Standardize the syntax of example URL syntax

Eg. with [example-id] as is done in GO, or # as done elsewhere.
Unfortunately, we can not just always append the id to the end as sometimes more needs to be appended after that (eg. .html etc)

HGNC as use case of multiple identifier complexities

HGNC is an example collection with four co-occuring identifier complexities:

1. Ambiguity about what $id even is.

screen shot 2016-04-22 at 3 38 23 pm

The identifiers.org record above captures the fact that HGNC records exist in 3rd party databases but identifiers.org doesn't have a strong concept of a prefix; consequently it isn't possible to get to both "physical locations" of the entity using a single (equivalent) $id. In one case $id is prefixed, and in the other, it is not. HGNC, mercifully, honors both forms.
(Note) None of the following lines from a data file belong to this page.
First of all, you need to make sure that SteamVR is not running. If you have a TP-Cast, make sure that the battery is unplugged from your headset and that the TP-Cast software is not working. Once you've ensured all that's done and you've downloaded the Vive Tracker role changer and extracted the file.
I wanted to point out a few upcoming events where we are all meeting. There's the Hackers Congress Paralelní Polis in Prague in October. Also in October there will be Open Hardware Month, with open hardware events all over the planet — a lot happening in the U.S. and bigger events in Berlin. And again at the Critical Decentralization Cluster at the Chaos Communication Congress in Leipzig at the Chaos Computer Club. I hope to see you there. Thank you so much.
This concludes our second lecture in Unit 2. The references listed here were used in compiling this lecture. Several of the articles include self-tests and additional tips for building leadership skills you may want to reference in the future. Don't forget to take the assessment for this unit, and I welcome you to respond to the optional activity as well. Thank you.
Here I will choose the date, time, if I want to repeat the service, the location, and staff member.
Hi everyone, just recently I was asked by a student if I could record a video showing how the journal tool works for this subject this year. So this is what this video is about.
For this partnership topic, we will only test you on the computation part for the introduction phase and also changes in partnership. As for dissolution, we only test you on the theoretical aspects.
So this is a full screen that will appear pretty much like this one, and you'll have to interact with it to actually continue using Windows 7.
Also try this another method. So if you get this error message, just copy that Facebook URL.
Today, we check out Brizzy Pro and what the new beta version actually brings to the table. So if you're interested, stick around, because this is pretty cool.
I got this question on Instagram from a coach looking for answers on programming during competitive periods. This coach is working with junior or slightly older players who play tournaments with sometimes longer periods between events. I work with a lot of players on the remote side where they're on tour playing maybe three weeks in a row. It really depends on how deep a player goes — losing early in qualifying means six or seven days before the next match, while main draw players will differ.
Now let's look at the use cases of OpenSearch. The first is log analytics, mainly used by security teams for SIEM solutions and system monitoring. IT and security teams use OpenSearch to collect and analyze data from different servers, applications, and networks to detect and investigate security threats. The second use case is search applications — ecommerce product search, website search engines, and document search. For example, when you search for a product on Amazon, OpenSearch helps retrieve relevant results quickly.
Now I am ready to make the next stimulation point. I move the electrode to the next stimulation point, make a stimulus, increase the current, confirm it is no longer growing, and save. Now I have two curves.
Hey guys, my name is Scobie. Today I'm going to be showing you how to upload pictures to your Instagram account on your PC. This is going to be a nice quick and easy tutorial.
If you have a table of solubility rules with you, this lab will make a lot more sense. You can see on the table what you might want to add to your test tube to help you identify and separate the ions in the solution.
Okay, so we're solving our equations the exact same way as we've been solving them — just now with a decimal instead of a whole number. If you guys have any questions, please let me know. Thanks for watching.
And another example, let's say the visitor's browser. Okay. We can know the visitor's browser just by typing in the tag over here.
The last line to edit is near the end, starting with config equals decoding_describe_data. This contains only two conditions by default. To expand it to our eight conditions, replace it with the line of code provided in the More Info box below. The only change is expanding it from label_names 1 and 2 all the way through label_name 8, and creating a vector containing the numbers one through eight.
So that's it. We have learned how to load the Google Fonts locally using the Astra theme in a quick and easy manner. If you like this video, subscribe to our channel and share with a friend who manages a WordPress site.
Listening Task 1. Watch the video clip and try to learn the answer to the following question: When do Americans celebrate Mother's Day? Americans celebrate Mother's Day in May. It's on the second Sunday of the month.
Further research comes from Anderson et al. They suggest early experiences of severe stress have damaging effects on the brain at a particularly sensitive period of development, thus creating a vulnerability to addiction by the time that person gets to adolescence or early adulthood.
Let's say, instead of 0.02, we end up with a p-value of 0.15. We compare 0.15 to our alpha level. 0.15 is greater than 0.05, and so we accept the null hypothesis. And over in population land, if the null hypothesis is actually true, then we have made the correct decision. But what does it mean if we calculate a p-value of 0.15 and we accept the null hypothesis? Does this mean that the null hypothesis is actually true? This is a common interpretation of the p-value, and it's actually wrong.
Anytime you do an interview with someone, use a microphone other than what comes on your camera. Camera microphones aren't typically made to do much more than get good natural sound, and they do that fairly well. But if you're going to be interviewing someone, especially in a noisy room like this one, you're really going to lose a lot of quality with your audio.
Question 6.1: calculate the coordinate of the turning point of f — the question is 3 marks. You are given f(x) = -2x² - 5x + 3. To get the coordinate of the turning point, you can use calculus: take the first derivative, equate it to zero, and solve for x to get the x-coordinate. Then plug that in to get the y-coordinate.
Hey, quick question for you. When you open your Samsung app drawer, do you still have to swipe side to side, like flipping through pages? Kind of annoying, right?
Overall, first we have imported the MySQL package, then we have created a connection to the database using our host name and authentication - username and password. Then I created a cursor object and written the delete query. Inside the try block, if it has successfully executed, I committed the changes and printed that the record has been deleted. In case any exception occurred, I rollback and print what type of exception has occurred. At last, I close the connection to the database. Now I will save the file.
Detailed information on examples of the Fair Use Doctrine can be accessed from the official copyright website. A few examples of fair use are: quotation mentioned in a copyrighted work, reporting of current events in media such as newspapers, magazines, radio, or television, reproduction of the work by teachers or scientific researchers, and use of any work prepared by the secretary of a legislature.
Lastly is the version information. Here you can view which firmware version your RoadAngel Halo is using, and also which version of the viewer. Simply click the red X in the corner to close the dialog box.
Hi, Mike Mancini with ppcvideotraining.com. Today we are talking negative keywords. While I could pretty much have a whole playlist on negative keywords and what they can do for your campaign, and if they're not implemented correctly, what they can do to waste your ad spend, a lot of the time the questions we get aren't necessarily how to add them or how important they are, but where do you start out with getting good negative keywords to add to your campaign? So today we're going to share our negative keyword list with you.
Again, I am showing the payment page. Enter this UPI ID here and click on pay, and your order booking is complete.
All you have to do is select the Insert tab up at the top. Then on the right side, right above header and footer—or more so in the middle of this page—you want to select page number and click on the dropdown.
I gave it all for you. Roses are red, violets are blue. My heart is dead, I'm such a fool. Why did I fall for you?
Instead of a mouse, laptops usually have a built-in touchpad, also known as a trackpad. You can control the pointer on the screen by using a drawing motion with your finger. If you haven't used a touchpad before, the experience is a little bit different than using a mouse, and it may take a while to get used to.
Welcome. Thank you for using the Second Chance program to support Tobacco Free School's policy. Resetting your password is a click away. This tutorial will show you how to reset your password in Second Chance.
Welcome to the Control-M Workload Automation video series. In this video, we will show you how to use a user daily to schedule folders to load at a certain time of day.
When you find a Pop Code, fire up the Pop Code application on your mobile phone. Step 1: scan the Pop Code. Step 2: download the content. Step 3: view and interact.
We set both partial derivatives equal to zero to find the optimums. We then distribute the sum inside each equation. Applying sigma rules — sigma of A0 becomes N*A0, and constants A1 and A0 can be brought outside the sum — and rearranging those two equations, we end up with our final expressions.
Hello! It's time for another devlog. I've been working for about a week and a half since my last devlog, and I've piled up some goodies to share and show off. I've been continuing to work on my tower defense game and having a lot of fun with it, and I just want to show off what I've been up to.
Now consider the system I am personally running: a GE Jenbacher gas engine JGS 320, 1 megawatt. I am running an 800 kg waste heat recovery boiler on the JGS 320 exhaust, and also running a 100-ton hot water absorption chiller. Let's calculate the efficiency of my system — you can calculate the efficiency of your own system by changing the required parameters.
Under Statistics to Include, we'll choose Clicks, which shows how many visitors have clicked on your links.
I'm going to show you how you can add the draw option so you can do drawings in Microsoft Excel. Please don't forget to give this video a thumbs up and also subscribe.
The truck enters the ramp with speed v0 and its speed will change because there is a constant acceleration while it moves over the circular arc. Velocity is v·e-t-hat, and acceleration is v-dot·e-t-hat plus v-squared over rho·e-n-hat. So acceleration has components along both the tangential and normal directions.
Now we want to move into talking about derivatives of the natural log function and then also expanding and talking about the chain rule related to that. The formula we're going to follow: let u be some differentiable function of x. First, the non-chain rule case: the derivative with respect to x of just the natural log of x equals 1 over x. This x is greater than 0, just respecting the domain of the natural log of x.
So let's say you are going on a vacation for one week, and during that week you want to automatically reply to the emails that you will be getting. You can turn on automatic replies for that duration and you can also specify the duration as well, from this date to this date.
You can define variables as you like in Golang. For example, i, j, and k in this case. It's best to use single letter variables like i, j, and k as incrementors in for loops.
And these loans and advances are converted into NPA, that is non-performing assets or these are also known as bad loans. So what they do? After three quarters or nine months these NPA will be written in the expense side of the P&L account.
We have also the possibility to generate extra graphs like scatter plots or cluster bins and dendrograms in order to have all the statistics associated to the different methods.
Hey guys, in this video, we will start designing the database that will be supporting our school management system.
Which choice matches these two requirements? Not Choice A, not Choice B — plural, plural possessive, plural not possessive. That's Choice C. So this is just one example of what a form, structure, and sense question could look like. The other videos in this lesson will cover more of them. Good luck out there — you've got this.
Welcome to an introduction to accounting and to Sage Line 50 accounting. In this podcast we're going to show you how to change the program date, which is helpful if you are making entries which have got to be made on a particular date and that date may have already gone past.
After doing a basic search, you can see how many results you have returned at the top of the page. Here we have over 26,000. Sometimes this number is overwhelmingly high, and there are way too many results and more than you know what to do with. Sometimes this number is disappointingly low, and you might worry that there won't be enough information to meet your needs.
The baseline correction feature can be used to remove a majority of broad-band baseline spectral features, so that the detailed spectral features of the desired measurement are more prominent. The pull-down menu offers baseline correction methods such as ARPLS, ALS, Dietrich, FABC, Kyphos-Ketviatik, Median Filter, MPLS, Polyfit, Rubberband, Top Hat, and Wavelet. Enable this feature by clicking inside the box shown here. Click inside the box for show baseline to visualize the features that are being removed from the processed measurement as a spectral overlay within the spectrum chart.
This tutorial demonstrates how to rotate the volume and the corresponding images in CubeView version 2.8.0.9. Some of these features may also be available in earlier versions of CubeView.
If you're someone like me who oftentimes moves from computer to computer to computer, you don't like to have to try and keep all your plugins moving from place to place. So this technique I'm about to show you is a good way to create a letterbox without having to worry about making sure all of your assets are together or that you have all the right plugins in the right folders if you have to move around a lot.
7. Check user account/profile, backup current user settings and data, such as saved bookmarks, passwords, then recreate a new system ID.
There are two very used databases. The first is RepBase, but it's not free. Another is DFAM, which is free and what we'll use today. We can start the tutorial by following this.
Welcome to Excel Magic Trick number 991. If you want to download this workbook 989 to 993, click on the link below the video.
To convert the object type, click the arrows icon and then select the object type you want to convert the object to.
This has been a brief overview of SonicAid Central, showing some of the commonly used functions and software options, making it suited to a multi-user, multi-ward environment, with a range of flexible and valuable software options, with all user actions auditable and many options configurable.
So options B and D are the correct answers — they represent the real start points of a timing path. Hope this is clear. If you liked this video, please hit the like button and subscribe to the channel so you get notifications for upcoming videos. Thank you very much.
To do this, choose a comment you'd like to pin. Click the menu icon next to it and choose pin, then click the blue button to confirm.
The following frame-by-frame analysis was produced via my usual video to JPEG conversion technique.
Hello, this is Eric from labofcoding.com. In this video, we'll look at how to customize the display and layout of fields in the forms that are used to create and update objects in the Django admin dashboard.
However:

  1. Other data providers may not be as forgiving as HGNC is
  2. More often than not variation in the local ID pattern is precisely what the data provider is relying on in order to redirect to their right type-specific path.

A stronger notion of prefix is the simplest thing that would help data integrators collapse the following as equivalent http identifiers since 2674 is the invariant part of the ID.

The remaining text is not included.